_Problem statement_
The records follow. Transcribe only the lines from the line containing "DEAL SUPPLEMENT Organic" through the end, both ends included, and leave out the pictures.
START Records for processing
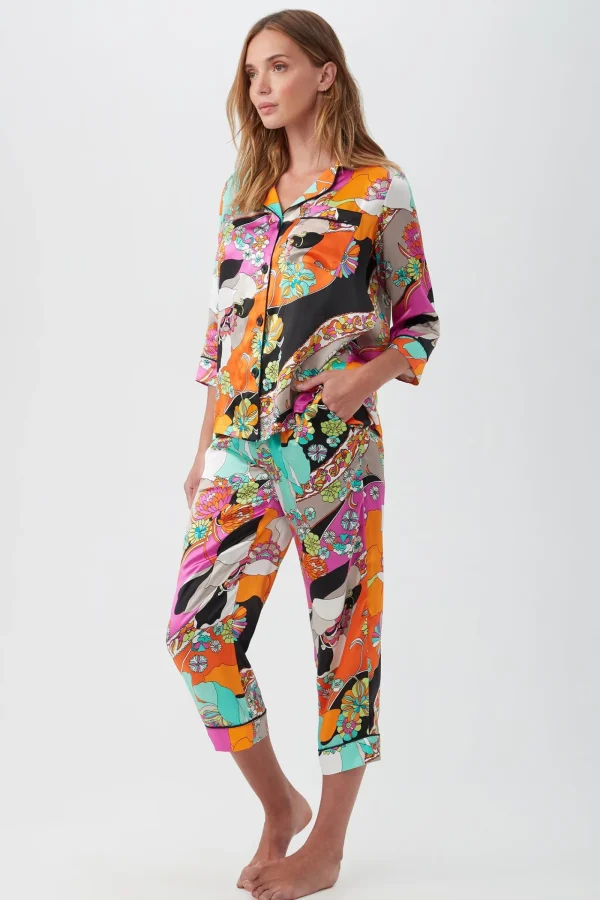 Women Trina Turk Skipper Swirl Women'S 3/4-Sleeve Cropped Pant Silk Pj Set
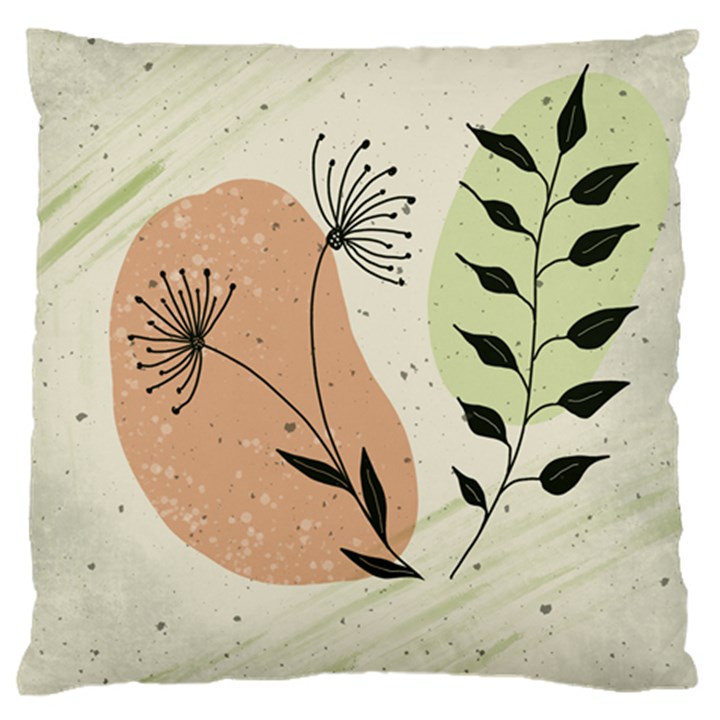 Flora Floral Flower Nature Plant Doodle Large Premium Plush Fleece Cushion Case (One Side)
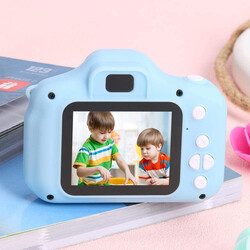 Mini Rechargeable 2.0 Inches (1080P) Photo/Video Camera For Kids,Suitable For Ages 3+ (Light Blue) - 8GB Memory Card Included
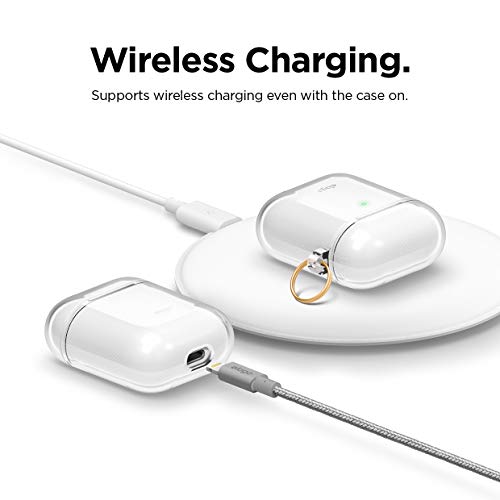 Image of elago Clear Airpods Case with Keychain Designed for Apple Airpods 1 & 2 (Transparent)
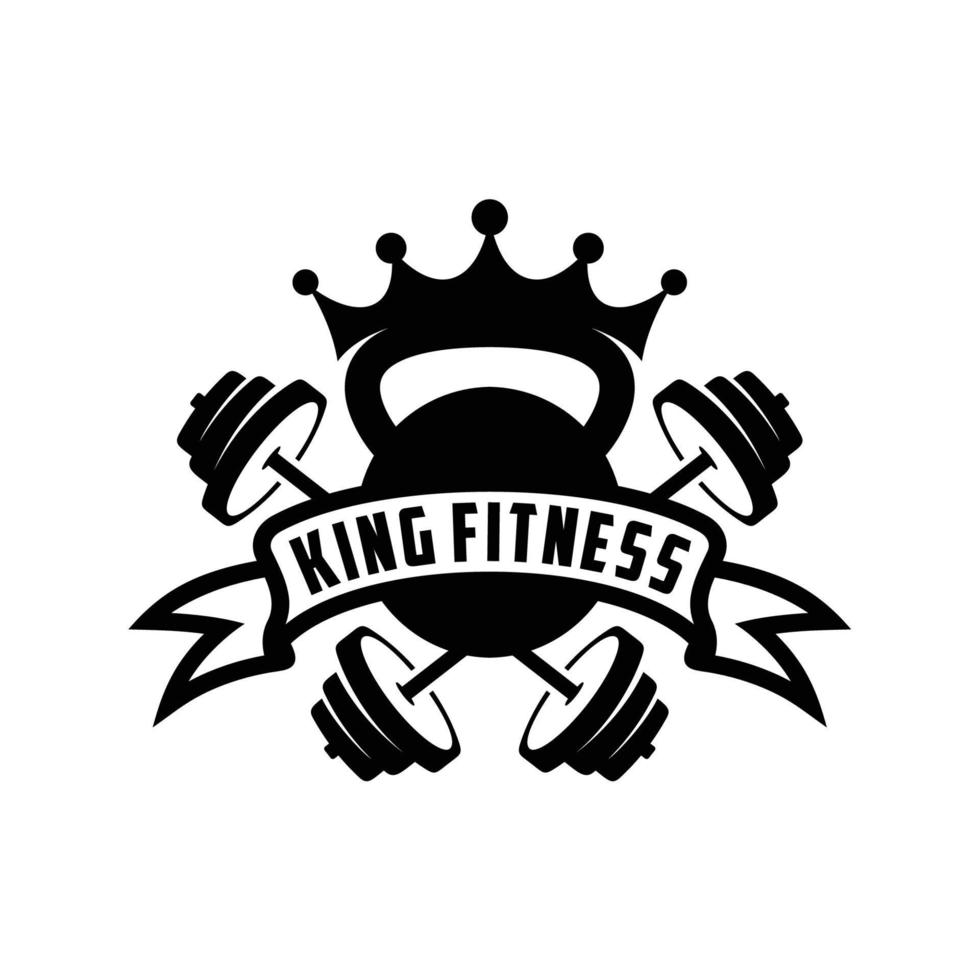 concepto de logotipo de fitness rey. plantillas de gimnasio con pesas rusas y barbillas vector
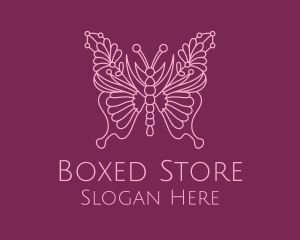 Floral Butterfly Wings  logo design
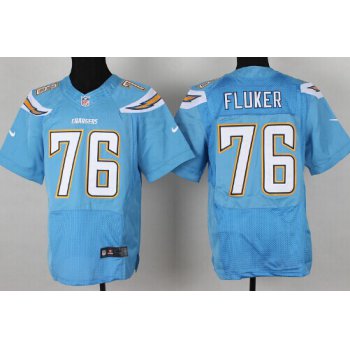 Nike San Diego Chargers #76 D. J. Fluker 2013 Light Blue Elite Jersey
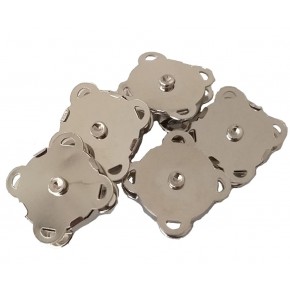 Çanta Aksesuar Örgü Çantaya Dikmeli Mıknatıs Gümüş Renk 10 Lu Paket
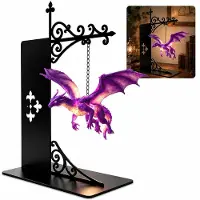 Novzep Drachen Lampe schwebend warmweiß – 3D Nachtlicht, Bücherregal Deko | Fantasy Leselampe für Schlafzimmer
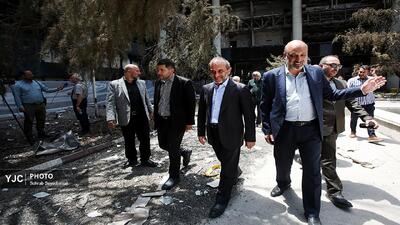 بازدید بازیگران و هنرمندان پیشکسوت رسانه ملی از ساختمان شیشه‌ای صدا و سیما پس از حمله صهیونیست‌ها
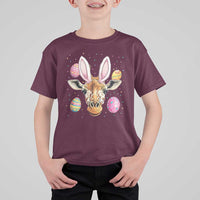Funny Giraffe Bunny T Shirt For Kid Happy Easter Day Sunday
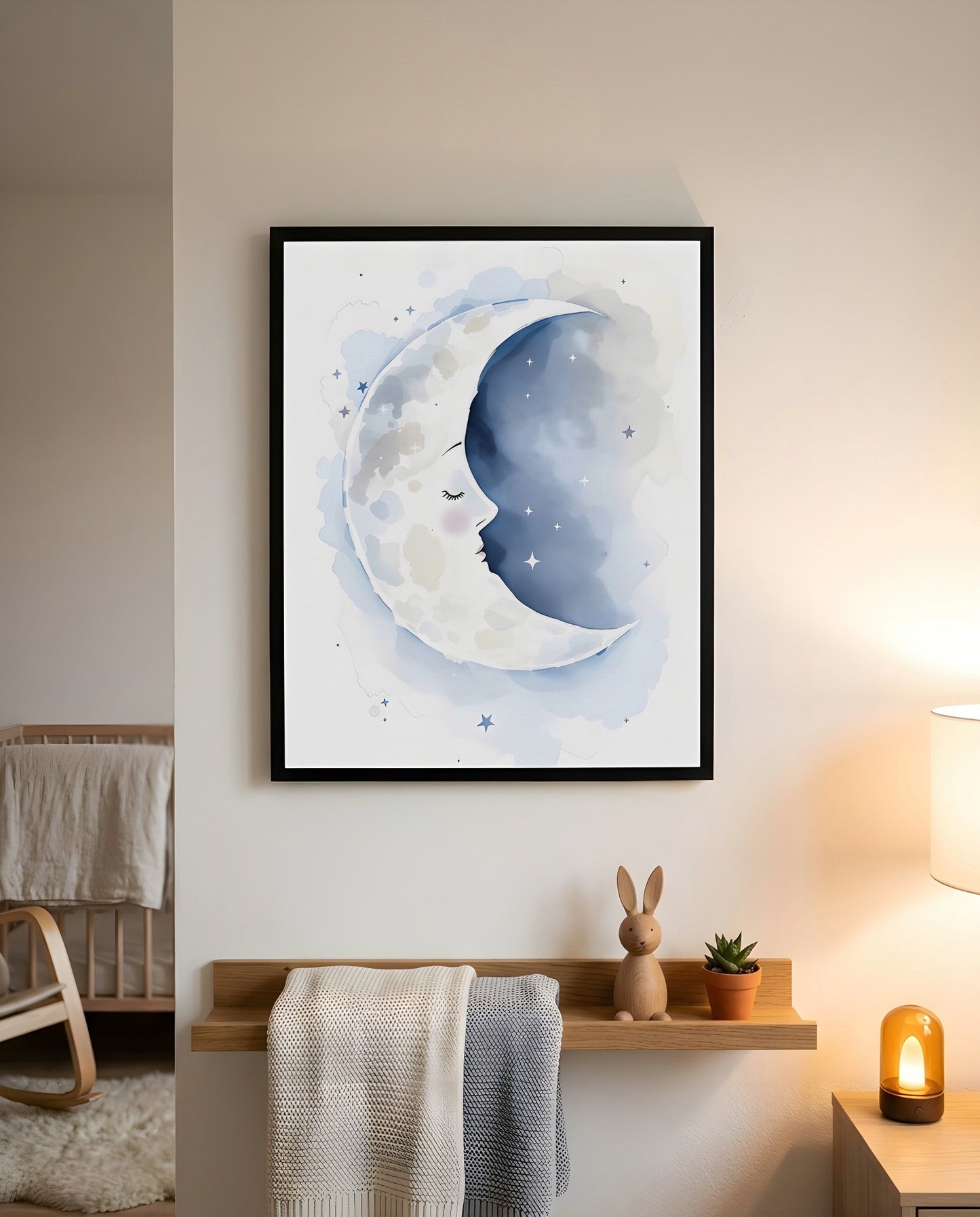 Nursery Sleeping Moon Minimal Watercolor Printable Wall Art — displayed in a styled home setting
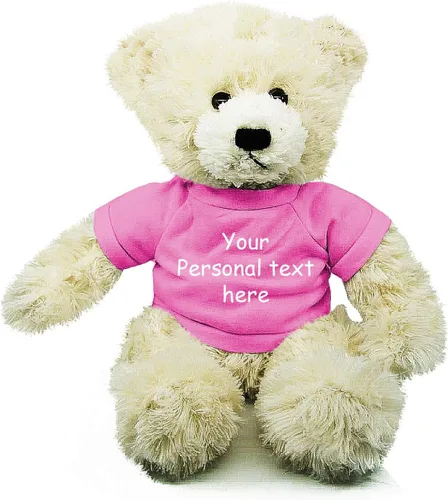 Vista 14 de Plushland Oso de peluche Brandon crema de 12 pulgadas, regalo personalizado para el día de la madre, San Valentín, graduación, cumpleaños
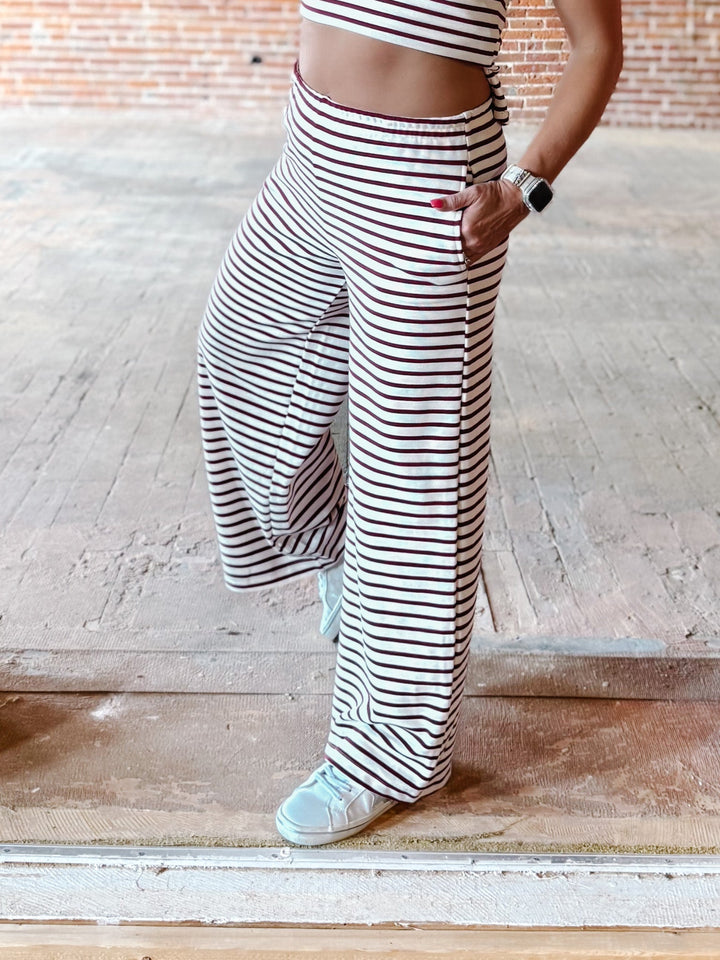 Campfire Cozy Stripe Lounge Pants, Burgundy
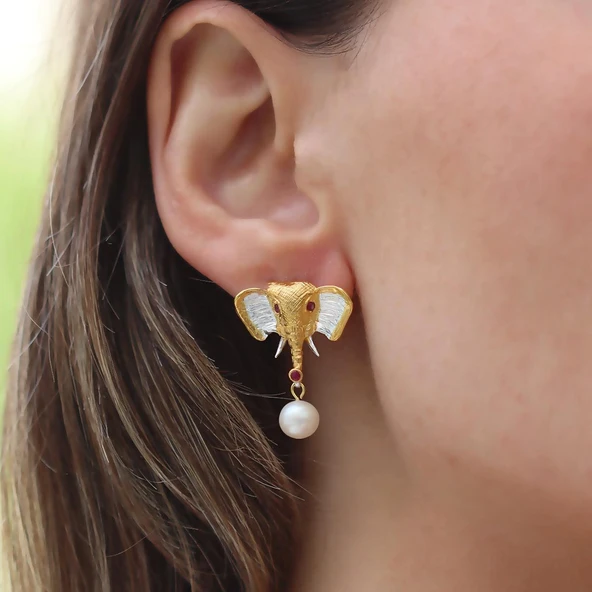 Fil İncili Gümüş Trend Küpe ürün görseli 1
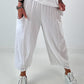 Balloon Linen Trousers with Fringe Details - taupe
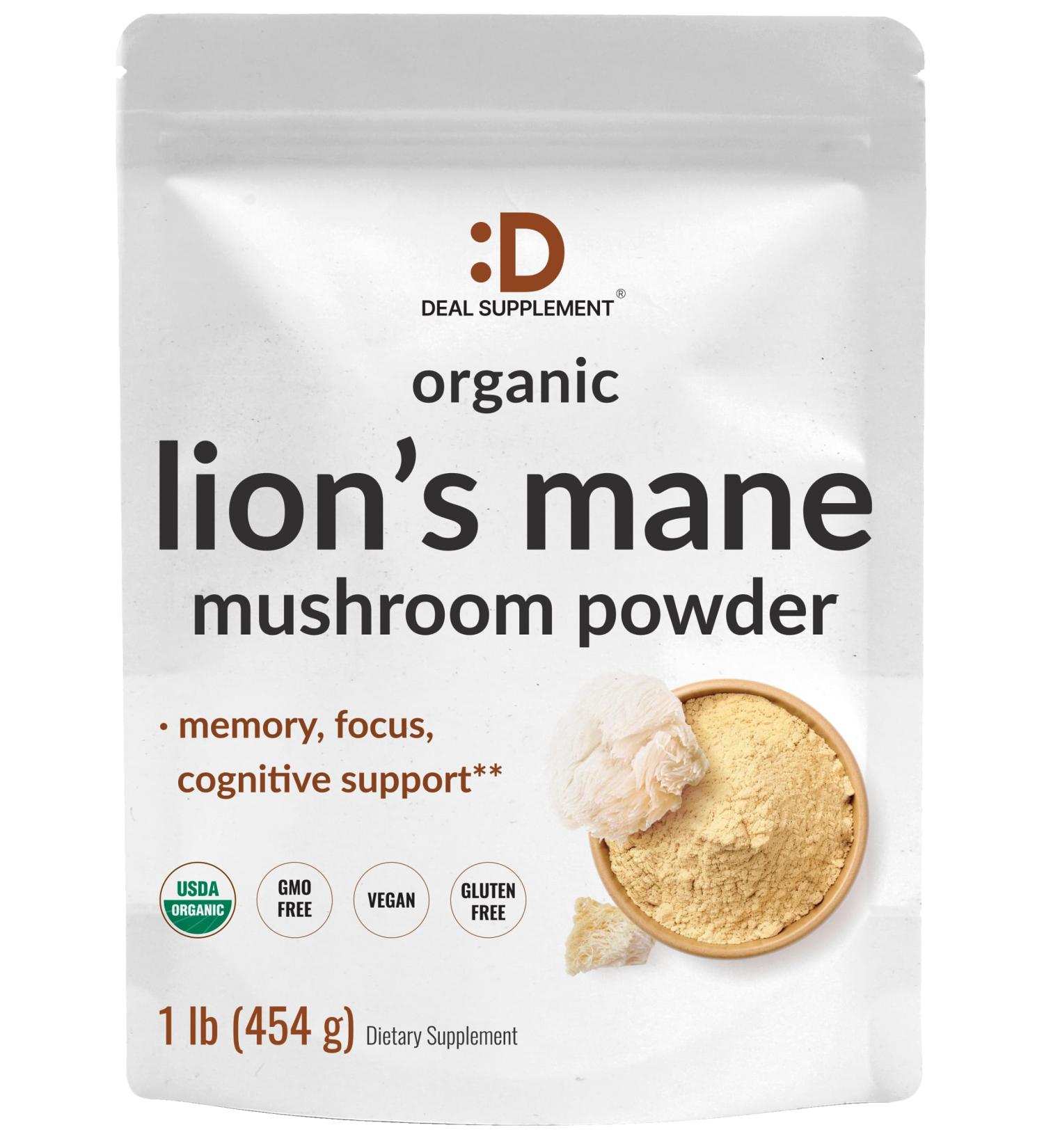 DEAL SUPPLEMENT Organic Lions Mane Mushroom Powder Supplement 1 500mg Per Serving 1lb Active Fruiting Body & Mycelium Extract Natural Brain Nootropic & Immune System Booster Non-GMO - Buy Online on GoSupps.com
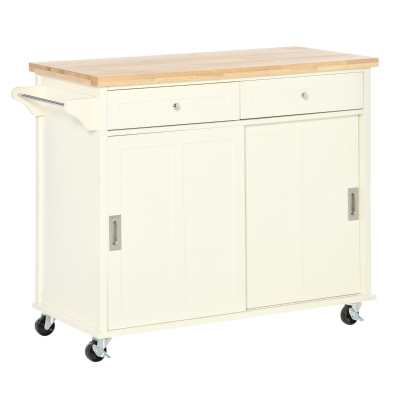 HOMCOM Carrito de Cocina Carro de Servicio Multifuncional con Ruedas 2 Puertas Correderas 2 Cajones y Barra de Colgar 110x49,5x89,5 cm Crema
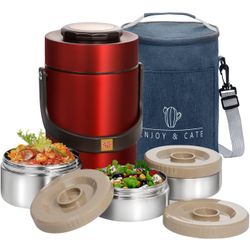 Pawovdeq 67oz Thermos for Hot Food,3-Layer Sealed Stackable Food Thermos,with Lunch Bag Soup Thermos,It Is Suitable for Daily Office Meals, School Lun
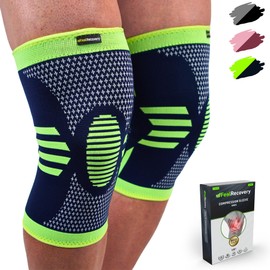 Feel Recovery Pack of 2 Knee Support for Men & Women - Compression Knee Support Sports for Knee Pain - Knee Support for Osteoarthritis & Meniscus - Breathable & Non-Slip (XL, Green)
END Records for processing
_Output of the exercise_
 DEAL SUPPLEMENT Organic Lions Mane Mushroom Powder Supplement 1 500mg Per Serving 1lb Active Fruiting Body & Mycelium Extract Natural Brain Nootropic & Immune System Booster Non-GMO - Buy Online on GoSupps.com
 HOMCOM Carrito de Cocina Carro de Servicio Multifuncional con Ruedas 2 Puertas Correderas 2 Cajones y Barra de Colgar 110x49,5x89,5 cm Crema
 Pawovdeq 67oz Thermos for Hot Food,3-Layer Sealed Stackable Food Thermos,with Lunch Bag Soup Thermos,It Is Suitable for Daily Office Meals, School Lun
 Feel Recovery Pack of 2 Knee Support for Men & Women - Compression Knee Support Sports for Knee Pain - Knee Support for Osteoarthritis & Meniscus - Breathable & Non-Slip (XL, Green)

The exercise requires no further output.